**** EXERCISE INPUTS

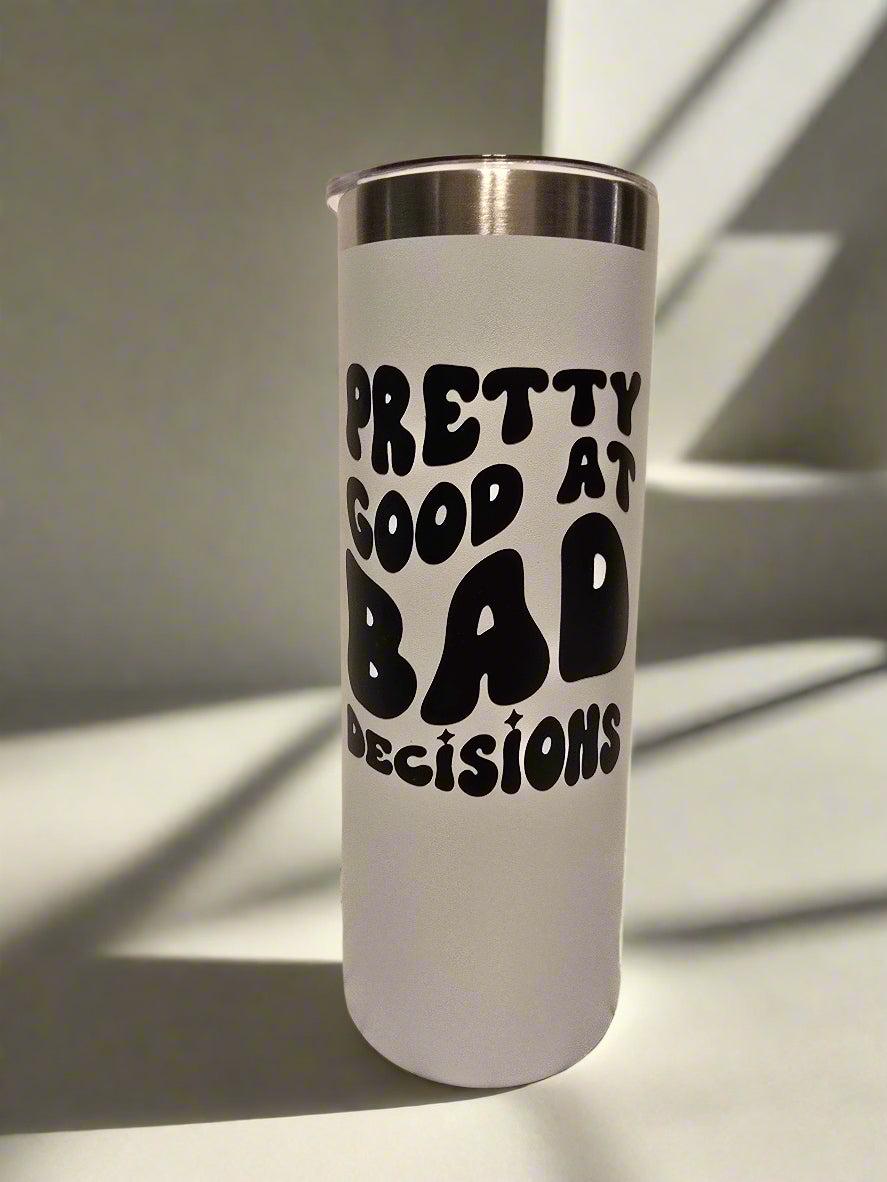 Bad Decisions Stainless Steel Travel Mug, 20 oz Slim Tumbler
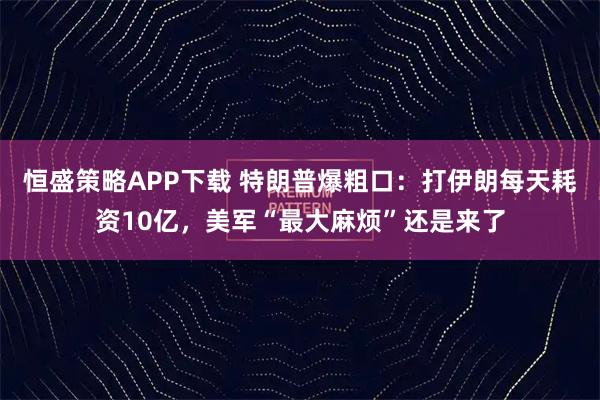 恒盛策略APP下载 特朗普爆粗口：打伊朗每天耗资10亿，美军“最大麻烦”还是来了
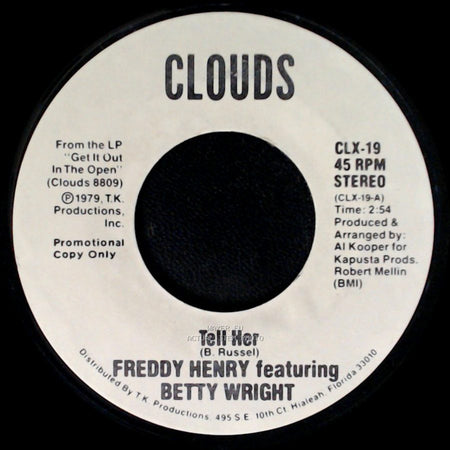 Freddy Henry Featuring Betty Wright - Tell Her / Tell Her side B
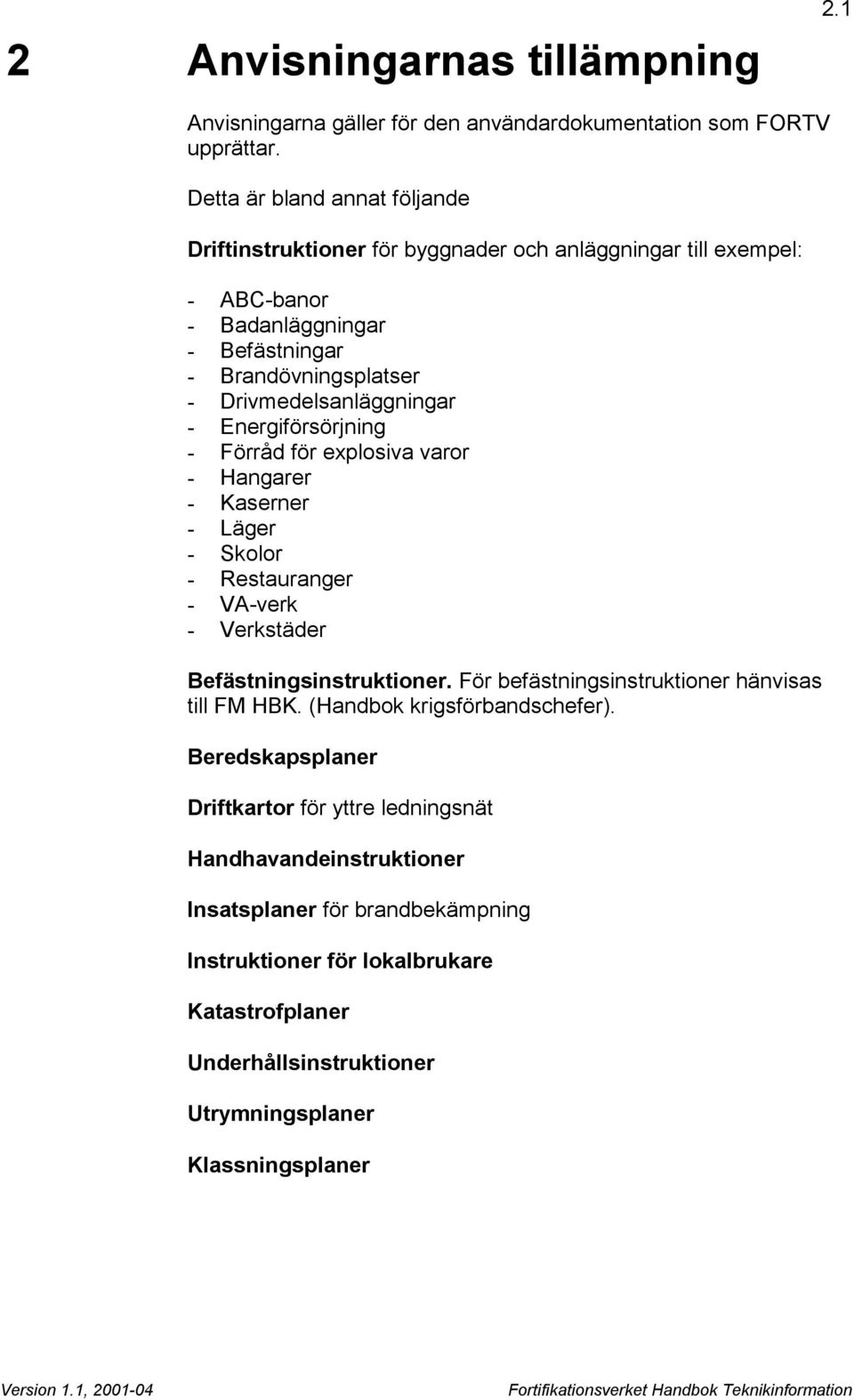 Drivmedelsanläggningar - Energiförsörjning - Förråd för explosiva varor - Hangarer - Kaserner - Läger - Skolor - Restauranger - VA-verk - Verkstäder Befästningsinstruktioner.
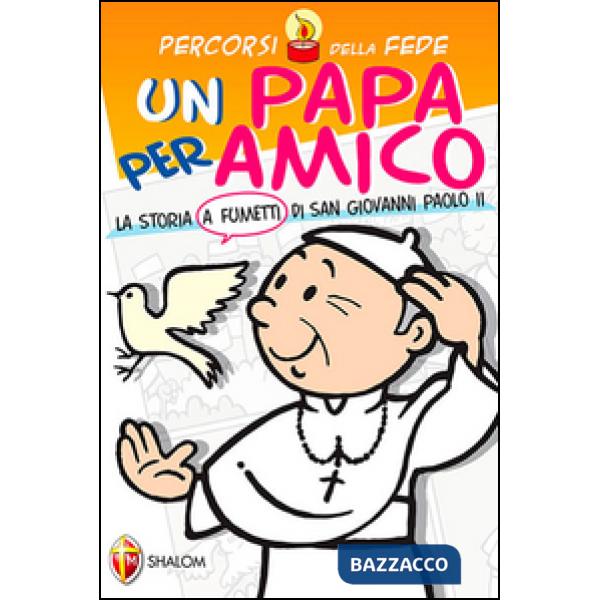 Papa per amico. La storia a fumetti di san Giovanni Paolo II (Una)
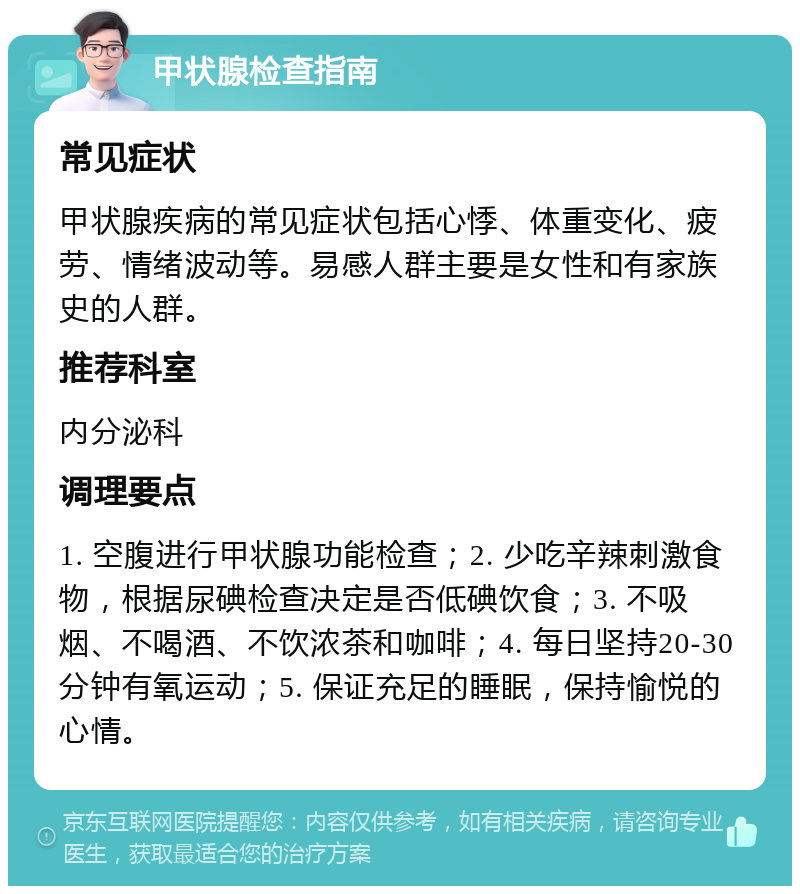 甲状腺检查指南 常见症状 甲状腺疾病的常见症状包括心悸、体重变化、疲劳、情绪波动等。易感人群主要是女性和有家族史的人群。 推荐科室 内分泌科 调理要点 1. 空腹进行甲状腺功能检查；2. 少吃辛辣刺激食物，根据尿碘检查决定是否低碘饮食；3. 不吸烟、不喝酒、不饮浓茶和咖啡；4. 每日坚持20-30分钟有氧运动；5. 保证充足的睡眠，保持愉悦的心情。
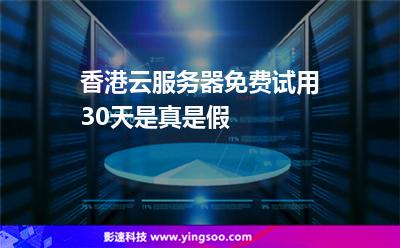 香港云服务器免费试用30天是真是假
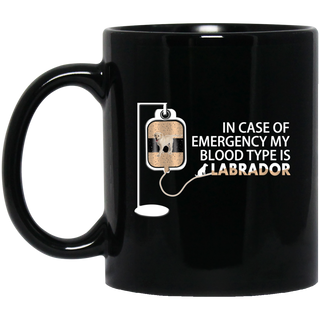 Nice Labrador Mugs - My Blood Type Is Labrador, is a cool gift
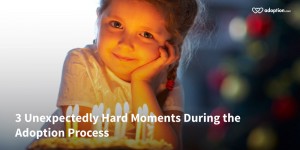 3 Unexpectedly Hard Moments During the Adoption Process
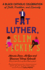 Fat Luther, Slim Pickin's: a Black Catholic Celebration of Faith, Tradition, and Diversity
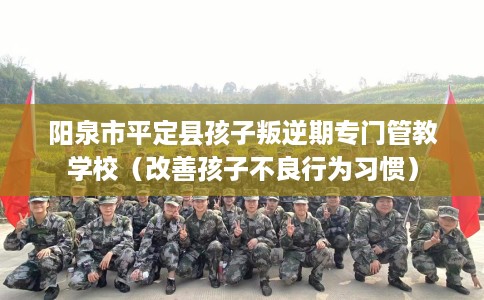 阳泉市平定县孩子叛逆期专门管教学校（改善孩子不良行为习惯）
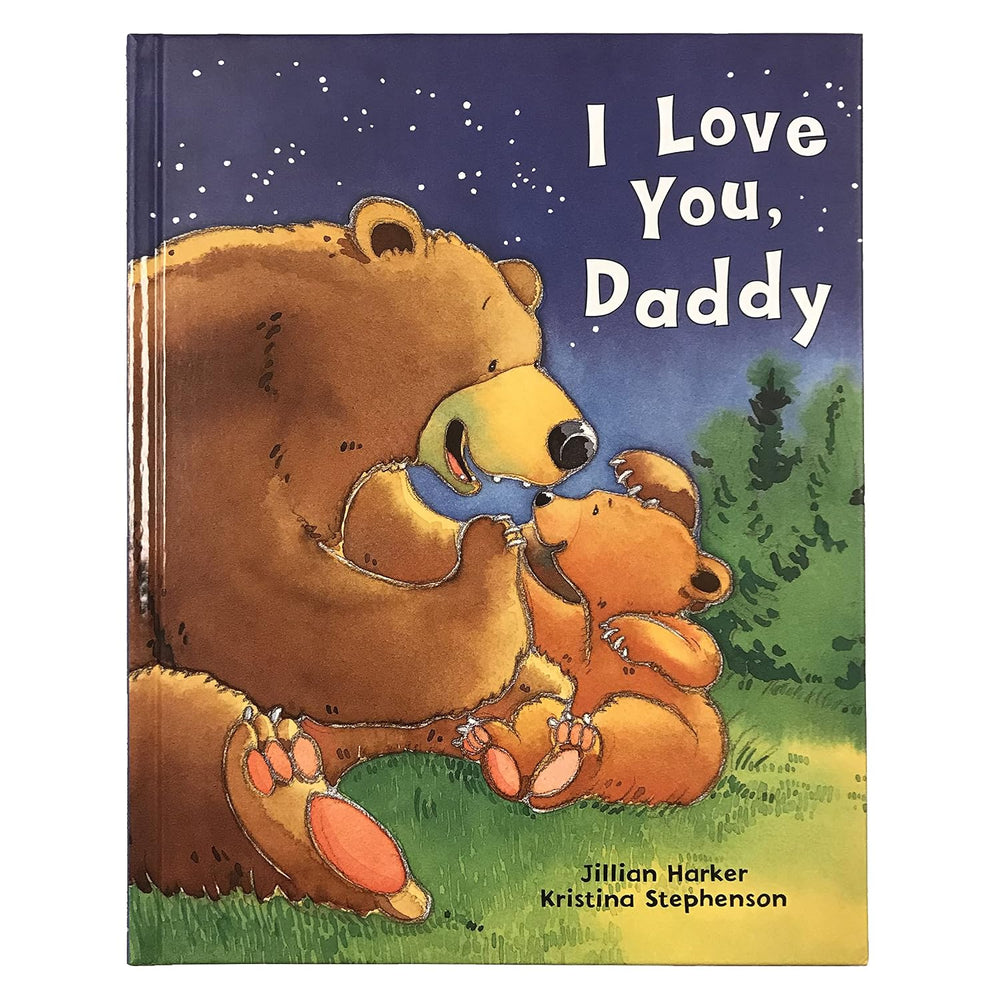 I Love You, Daddy - Hardcover Picture Book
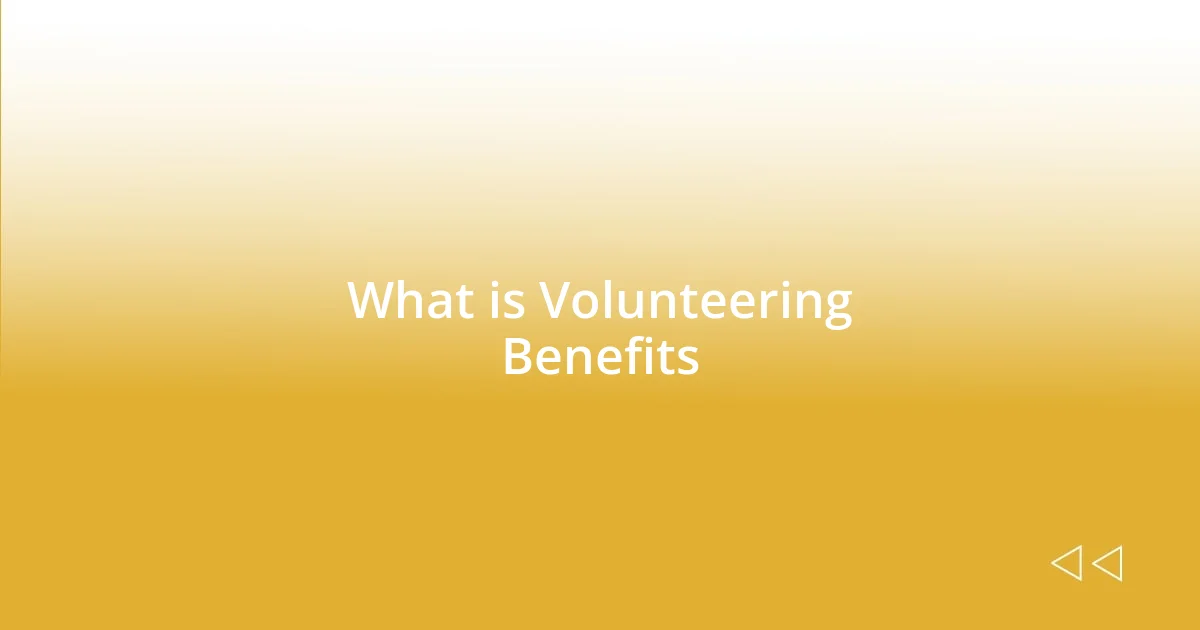 What is Volunteering Benefits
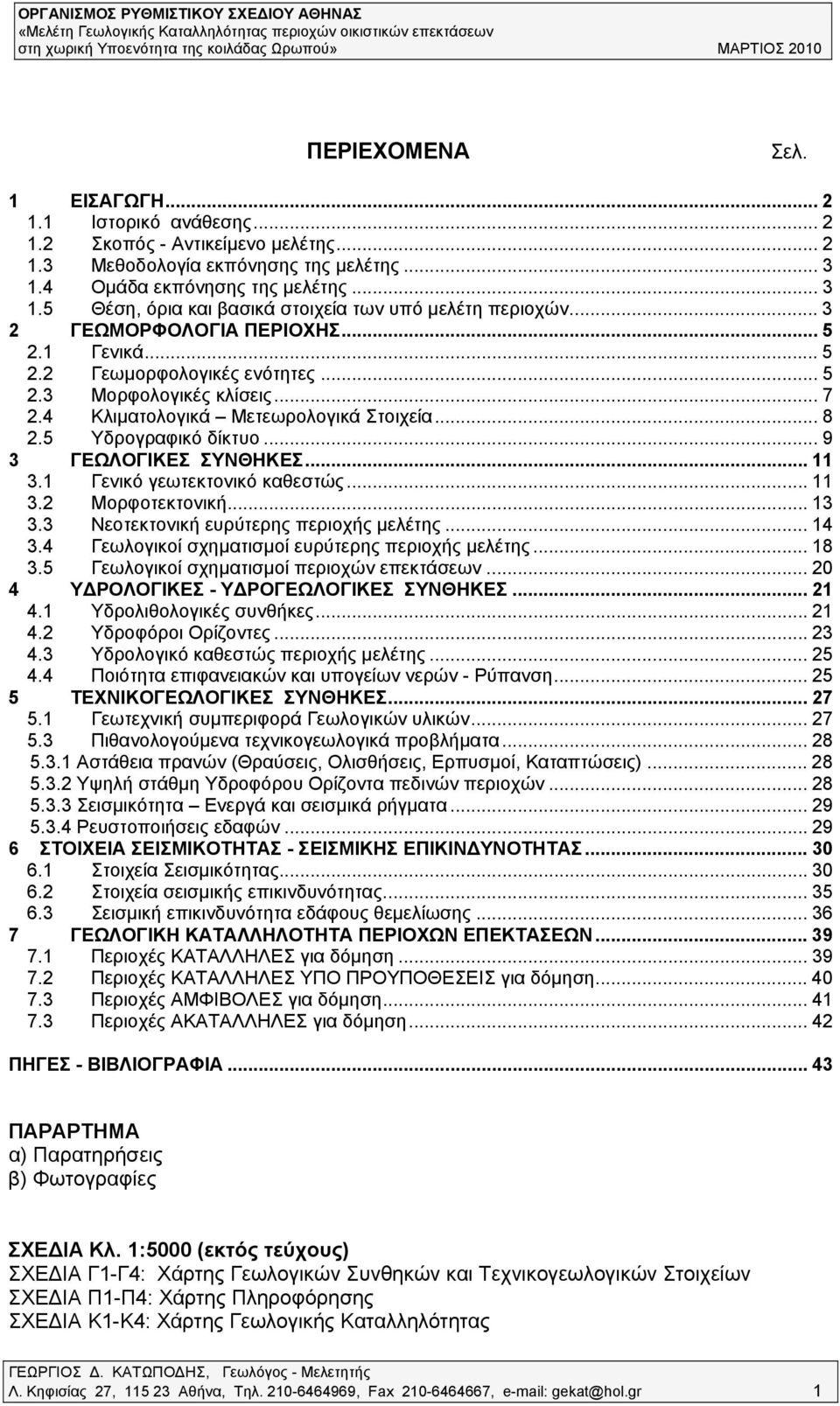 .. 9 3 ΓΕΩΛΟΓΙΚΕΣ ΣΥΝΘΗΚΕΣ... 11 3.1 Γενικό γεωτεκτονικό καθεστώς... 11 3.2 Μορφοτεκτονική... 13 3.3 Νεοτεκτονική ευρύτερης περιοχής μελέτης... 14 3.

********

* _HOW TO COMPLETE THIS TASK_: Could you copy the data above exactly, leaving the pictures out?

* _ANSWER_:
 Bad Decisions Stainless Steel Travel Mug, 20 oz Slim Tumbler
 恒盛策略APP下载 特朗普爆粗口：打伊朗每天耗资10亿，美军“最大麻烦”还是来了
 Freddy Henry Featuring Betty Wright - Tell Her / Tell Her side B
 Drivmedelsanläggningar - Energiförsörjning - Förråd för explosiva varor - Hangarer - Kaserner - Läger - Skolor - Restauranger - VA-verk - Verkstäder Befästningsinstruktioner.
 Papa per amico. La storia a fumetti di san Giovanni Paolo II (Una)
 甲状腺检查指南 常见症状 甲状腺疾病的常见症状包括心悸、体重变化、疲劳、情绪波动等。易感人群主要是女性和有家族史的人群。 推荐科室 内分泌科 调理要点 1. 空腹进行甲状腺功能检查；2. 少吃辛辣刺激食物，根据尿碘检查决定是否低碘饮食；3. 不吸烟、不喝酒、不饮浓茶和咖啡；4. 每日坚持20-30分钟有氧运动；5. 保证充足的睡眠，保持愉悦的心情。
 香港云服务器免费试用30天是真是假
 Nice Labrador Mugs - My Blood Type Is Labrador, is a cool gift
 3 Unexpectedly Hard Moments During the Adoption Process
 Fat Luther, Slim Pickin's: a Black Catholic Celebration of Faith, Tradition, and Diversity
 阳泉市平定县孩子叛逆期专门管教学校（改善孩子不良行为习惯）
 I Love You, Daddy - Hardcover Picture Book
 What is Volunteering Benefits
 .. 9 3 ΓΕΩΛΟΓΙΚΕΣ ΣΥΝΘΗΚΕΣ... 11 3.1 Γενικό γεωτεκτονικό καθεστώς... 11 3.2 Μορφοτεκτονική... 13 3.3 Νεοτεκτονική ευρύτερης περιοχής μελέτης... 14 3.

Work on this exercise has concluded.